__Directions for this task__:
Below is a listing. Quote from it, exactly, the lines from the one containing "a kitchen with" down to the one containing "3354 Hawks Creek", both ends included, and nothing else.

__Record excerpts__:
_ _ _

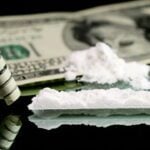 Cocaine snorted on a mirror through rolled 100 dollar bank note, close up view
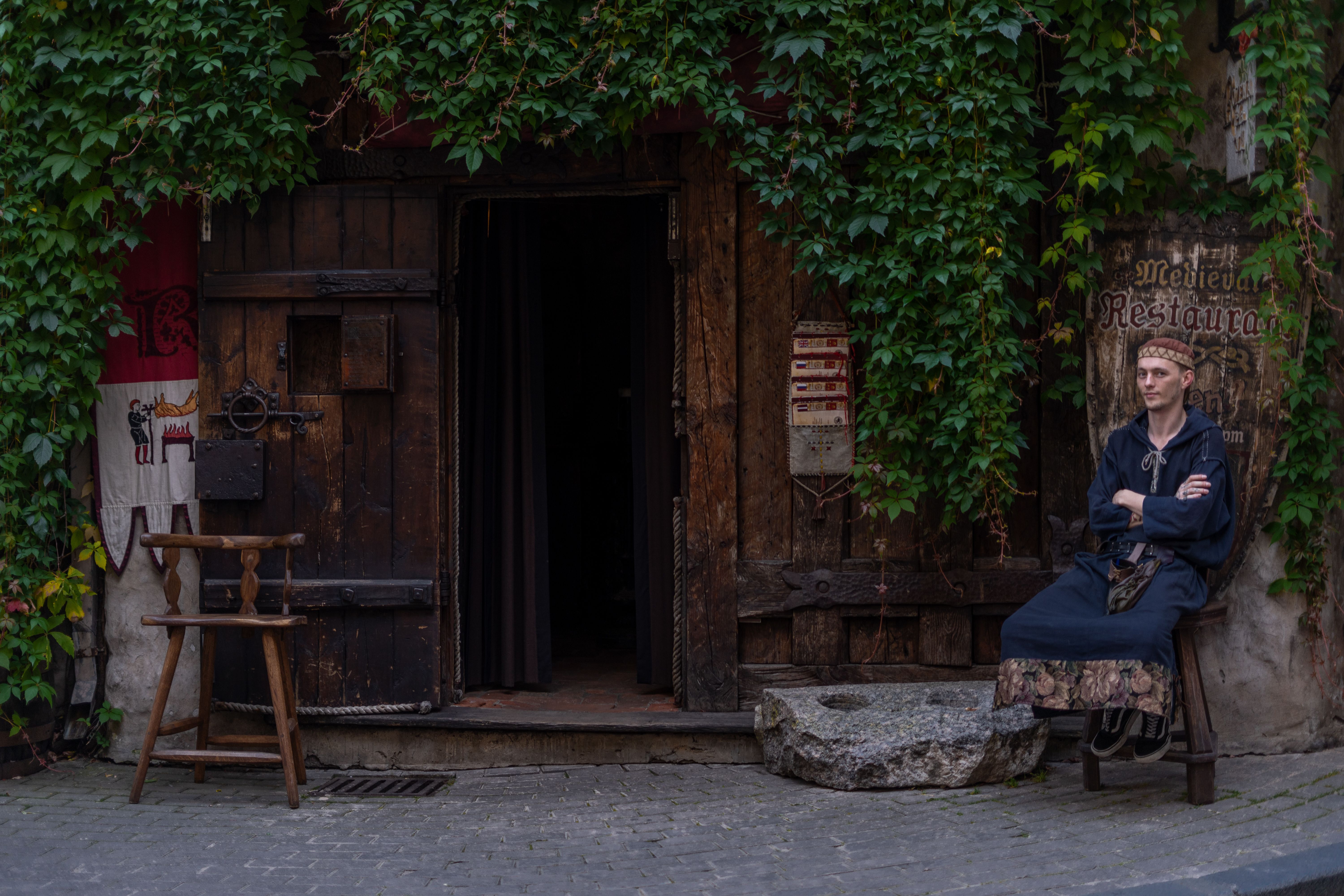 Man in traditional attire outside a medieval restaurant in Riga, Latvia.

_ _ _

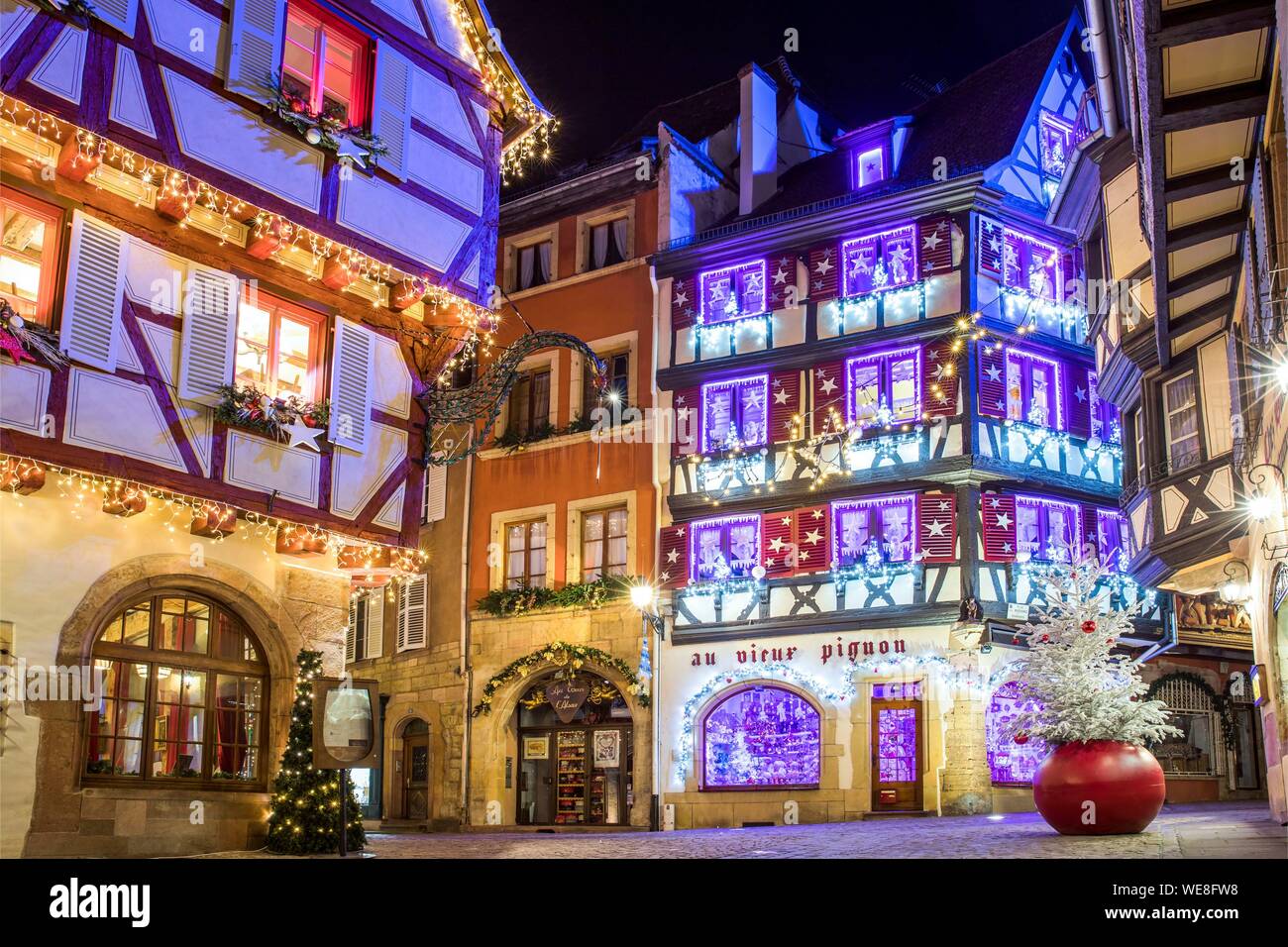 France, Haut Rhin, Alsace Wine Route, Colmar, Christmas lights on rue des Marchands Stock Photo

_ _ _

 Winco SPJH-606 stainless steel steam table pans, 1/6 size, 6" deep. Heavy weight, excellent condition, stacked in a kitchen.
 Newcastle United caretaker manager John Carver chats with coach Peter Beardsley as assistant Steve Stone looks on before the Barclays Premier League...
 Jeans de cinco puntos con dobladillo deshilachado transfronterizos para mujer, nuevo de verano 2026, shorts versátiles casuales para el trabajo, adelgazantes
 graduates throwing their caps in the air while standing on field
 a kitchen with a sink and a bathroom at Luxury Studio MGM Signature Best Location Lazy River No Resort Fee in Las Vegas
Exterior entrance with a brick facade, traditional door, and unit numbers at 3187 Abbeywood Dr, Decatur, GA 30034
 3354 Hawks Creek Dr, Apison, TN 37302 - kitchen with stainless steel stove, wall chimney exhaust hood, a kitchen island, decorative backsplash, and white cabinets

_ _ _

__Written answer__:
 a kitchen with a sink and a bathroom at Luxury Studio MGM Signature Best Location Lazy River No Resort Fee in Las Vegas
Exterior entrance with a brick facade, traditional door, and unit numbers at 3187 Abbeywood Dr, Decatur, GA 30034
 3354 Hawks Creek Dr, Apison, TN 37302 - kitchen with stainless steel stove, wall chimney exhaust hood, a kitchen island, decorative backsplash, and white cabinets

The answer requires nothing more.